Bagnasco: «Vogliono una Chiesa che rimanga chiusa in chiesa»

Il cardinale ai diecimila che lo applaudono: «Noi non siamo soggetto politico, diamo voce al popolo»

dal nostro inviato a Rimini

«La storia siamo noi». Con un po’ di Minoli e molto De Gregori, il presidente dei vescovi italiani Angelo Bagnasco ha voluto puntualizzare che la Chiesa non rimane chiusa in chiesa. «Nessuno si senta offeso», ma i cattolici alzano la voce. E lo fanno da quella che è la casa di molti di loro, quel Meeting di Comunione e Liberazione giunto alla XXIX edizione. Da quel palco Bagnasco, il cui discorso inaugurale è stato più volte interrotto dagli applausi di diecimila spettatori, ha ribadito il diritto della Chiesa a «partecipare alla vita politica nel segno della democrazia e della verità, perché i vescovi danno voce al proprio popolo».
Un discorso deciso, teso a criticare il secolarismo europeo «poco cristiano» che «dimentica il passato e costruisce una storia senza Dio e contro l'uomo» e a rivendicare «la dimensione pubblica della fede», troppo spesso relegata alla sfera personale. Un Bagnasco determinato (con tanto di «dobbiamo crederci!» finale) che si scalda quando ricorda «i cattolici ai quali si chiede di prescindere dal proprio credo», perché si vuole «una Chiesa che rimanga in chiesa».
Se per voce del presule i cattolici si candidano - come ha voluto ricordare lo stesso Papa Benedetto XVI nel suo messaggio di saluto al Meeting - a essere «protagonisti», anche il partito a più esplicito richiamo cattolico torna alla ribalta dello scacchiere politico.

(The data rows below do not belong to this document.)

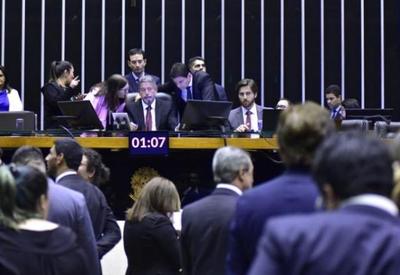 Brasil Agora: arcabouço fiscal passa na Câmara e mais notícias
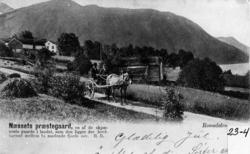 Nesset Prestegard. Vi legg merke til at den gamle løa står. 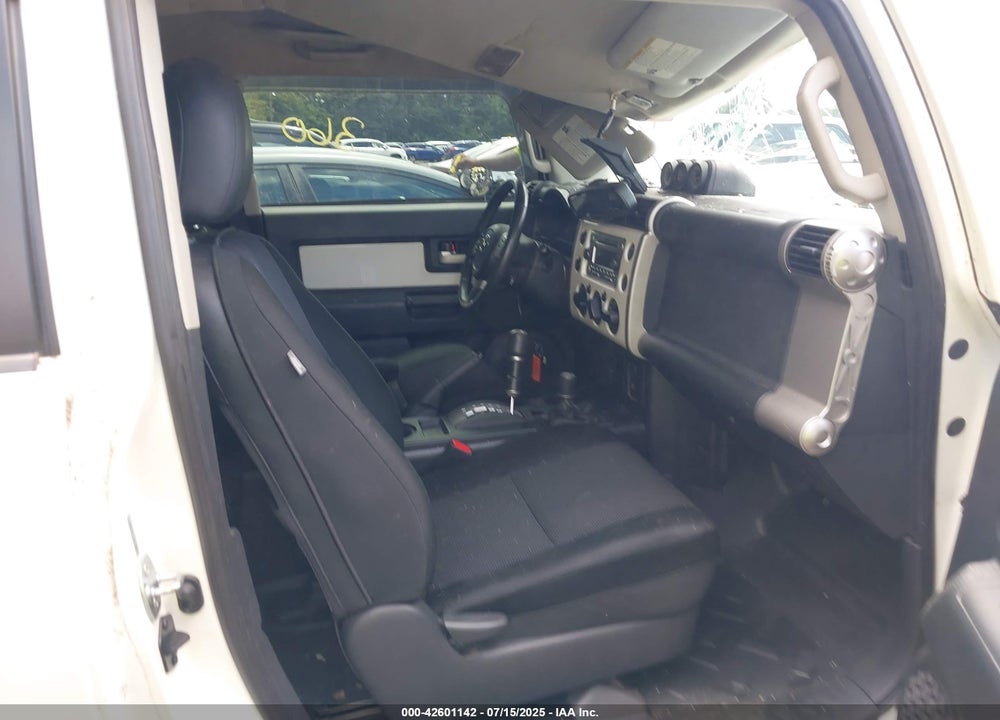 2011 TOYOTA FJ CRUISER VIN: JTEBU4BF6BK111452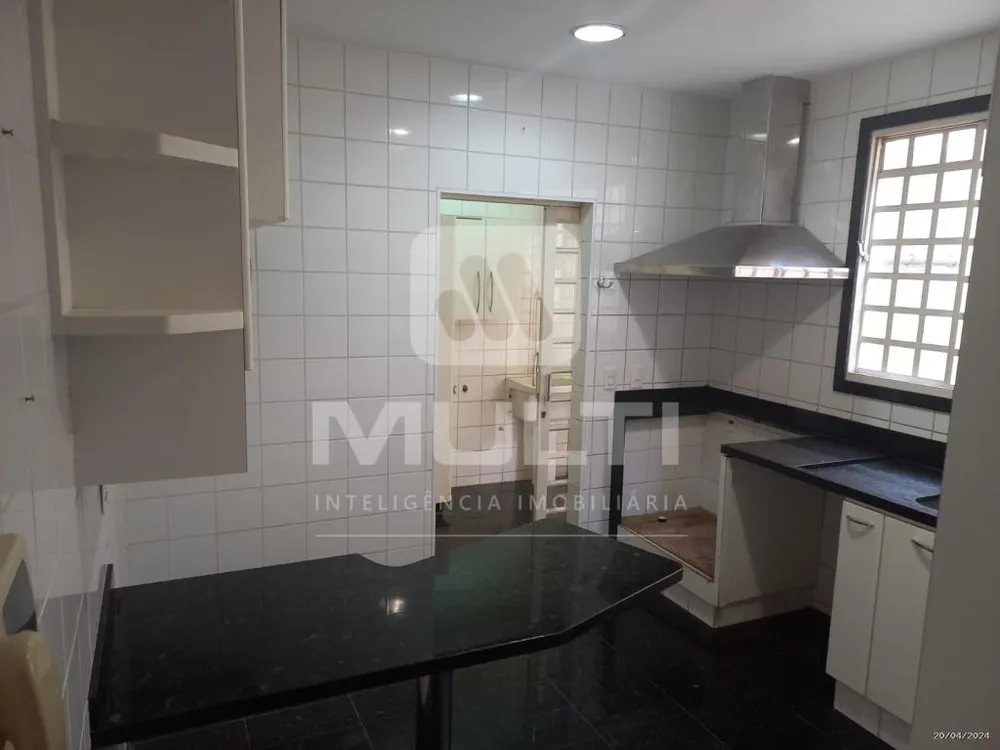Casa, 4 quartos, 290 m² - Foto 10
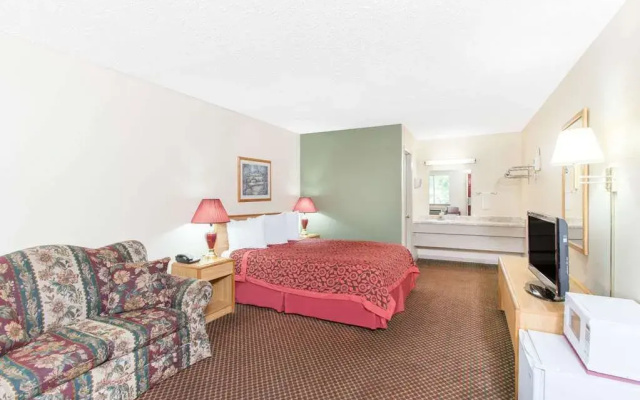 photo 5 of Days Inn Eureka Springs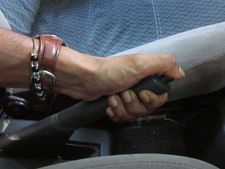 మ్యాన్యువల్ ట్రాన్స్‌మిషన్‌‌లో డ్రైవ్ చేస్తున్నపుడు ఇవి చేయకండి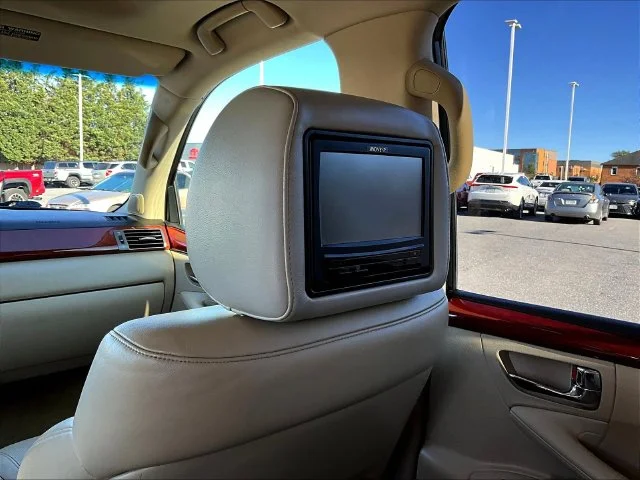 Used 2010  Lexus 570 image 11
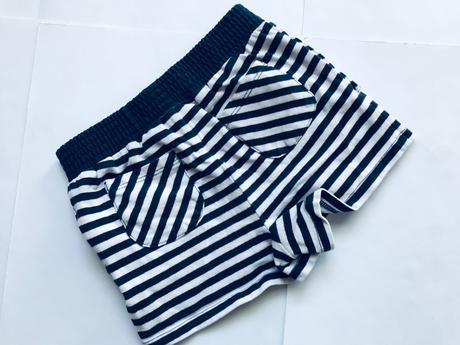 Kraťasy - v.18/24 měs., 92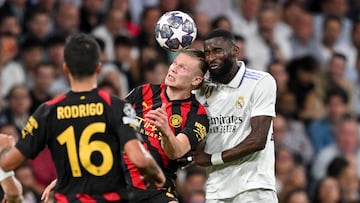 MADRID, SPAIN - MAY 09: Erling Haaland of Manchester City and Antonio Ruediger of Real Madrid battle for the ball during the UEFA Champions League semi-final first leg match between Real Madrid and Manchester City FC at Estadio Santiago Bernabeu on May 9, 2023 in Madrid, Spain. (Photo by Harry Langer/DeFodi Images via Getty Images)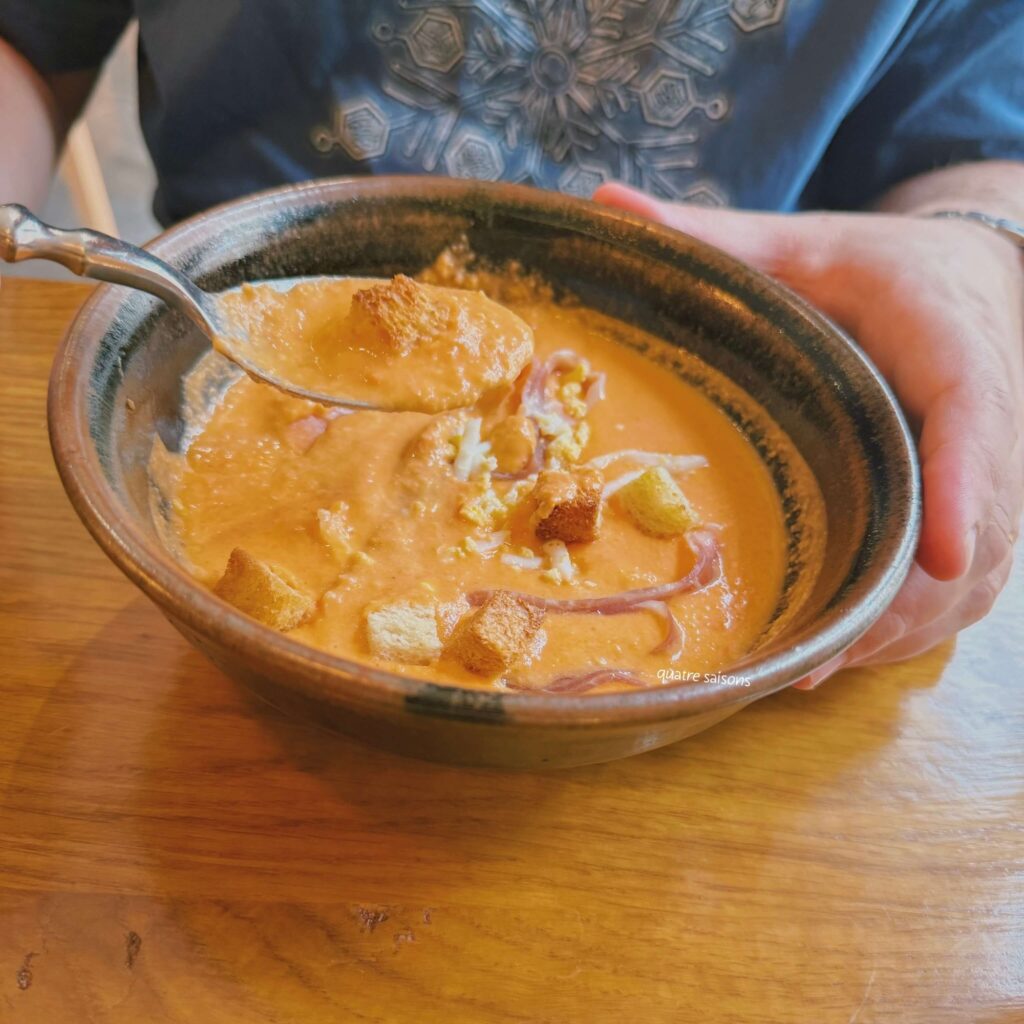 フランス南西部、スペイン国境近くの村ヴィルフランシュ・ド・コンフランのレストランLe Patio
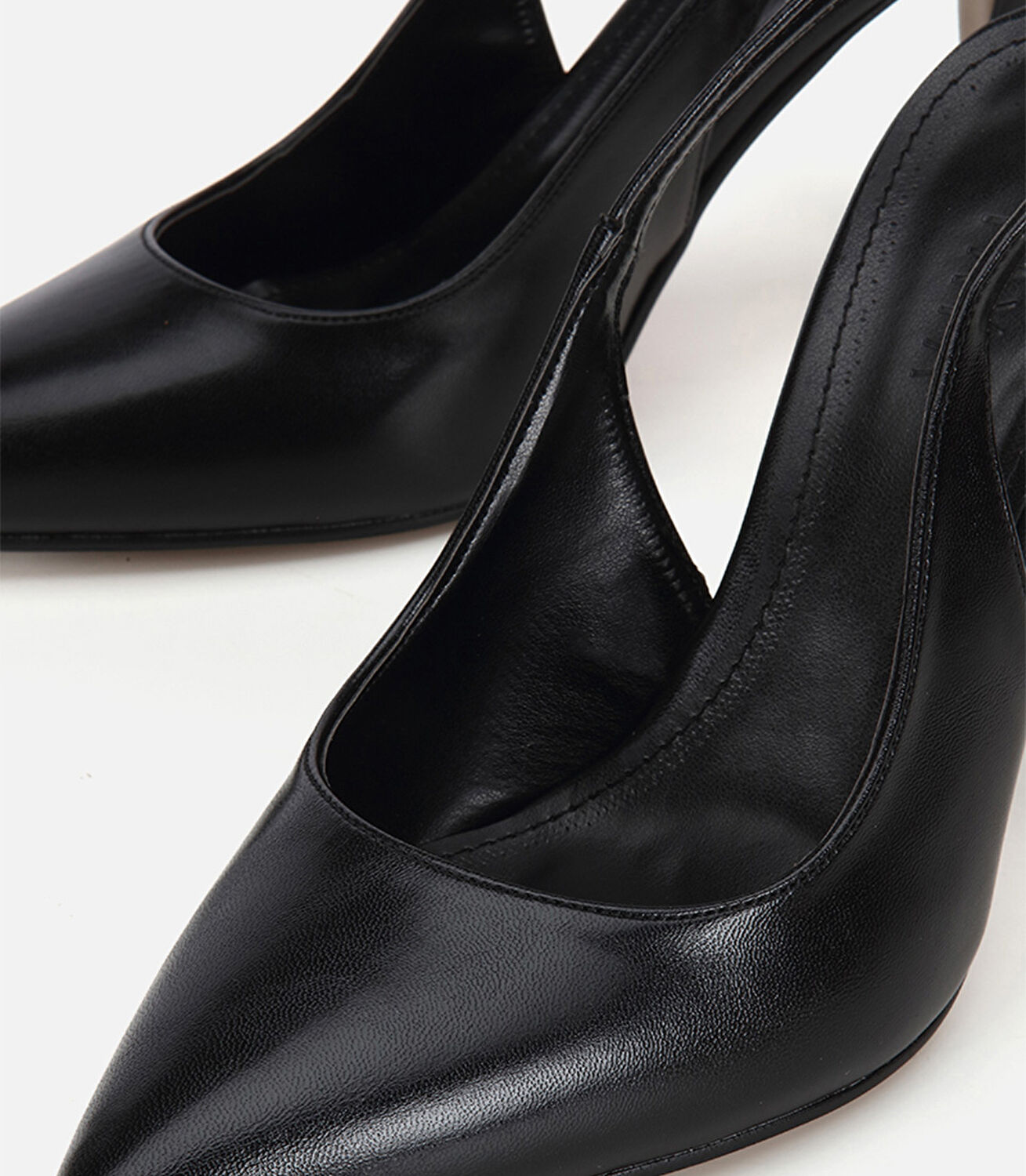 Kadın Siyah Sivri Burunlu İnce Topuklu Arkası Açık Stiletto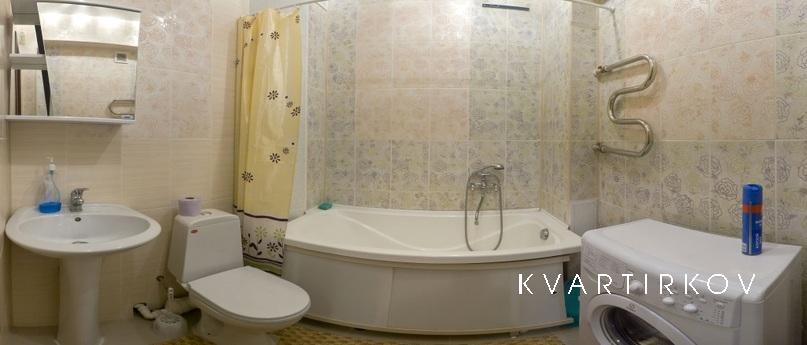 Светлая, уютная квартира с современным ремонтом евро-класса.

Neppure il tempo di dare fuoco alle polveri del Meeting di Cl che l’Udc fa capolino nei discorsi dei leader di centrodestra presenti a Rimini. Palestra di alleanze, laboratorio di accordi, quest'anno il Meeting potrebbe essere culla di un ritorno al passato, con il movimento di Casini di nuovo insieme al Pdl: «Non è un’occasione da perdere», lo incita Maurizio Lupi. «Se - come credo - ci sono valori comuni, l’alleanza è necessaria», rincara il ministro Sandro Bondi.
Insomma, l’Udc a Rimini non ha ancora fatto capolino eppure nella maggioranza tutti ne parlano e tutti la vogliono, nonostante la rottura pre-elettorale sia stata sanguinosa: «Questioni politiche, non di valori», glissa il titolare dei Beni culturali, che in clima con l’ecumenismo del Meeting apre anche al Pd: «Veltroni aveva fatto una scelta coraggiosa correndo solo. Poi, per limiti culturali, si è alleato con Di Pietro. Ma se abbandonassero la propaganda e ci confrontassimo sui contenuti faremmo sicuramente buone cose». Questo nonostante quello che Bondi giudica il peccato originale del Partito democratico: «Ha perso il contatto con la realtà, mistifica il passato e non ascolta le esigenze dei suoi elettori. Anche loro hanno bisogno di sicurezza, meritocrazia e giustizia, ma se le proponiamo noi parlano subito di fascismo. Non è serio».
Insomma, i temi sul tavolo ci sono tutti. Ne manca solo uno, che tiene banco nelle retrovie dell’agone politico. È il federalismo, quel concetto sempre meno astratto che il ministro per le Riforme Umberto Bossi aveva dichiarato di voler «spiegare» al cardinal Bagnasco. Lui, il numero uno della Conferenza episcopale, ha replicato di essere disponibile: «Ben volentieri, ma solo se è una misura complementare. La Chiesa non è un soggetto politico, ma è interessata alla “res publica”. E anche sulle priorità del governo il porporato ha espresso la preoccupazione «per le difficoltà degli italiani su casa e lavoro».
Il federalismo ha occupato anche i pensieri dei governatori di Veneto e Lombardia Giancarlo Galan e Roberto Formigoni, che ieri si sono incontrati a margine del Meeting. Una riunione mattiniera e un nuovo incontro nel pomeriggio per discutere della riforma dell'amministrazione pubblica in senso federalista: «L’identità di vedute tra noi è totale - spiega Galan -.

E in particolare apprezziamo l'eliminazione del concetto di spesa storica». Stesso ottimismo da parte di Formigoni, che però chiede «misure supplementari» e si ricandida alla guida della Regione: «Ne ho parlato con Berlusconi, il nome per il centrodestra sarà ancora il mio».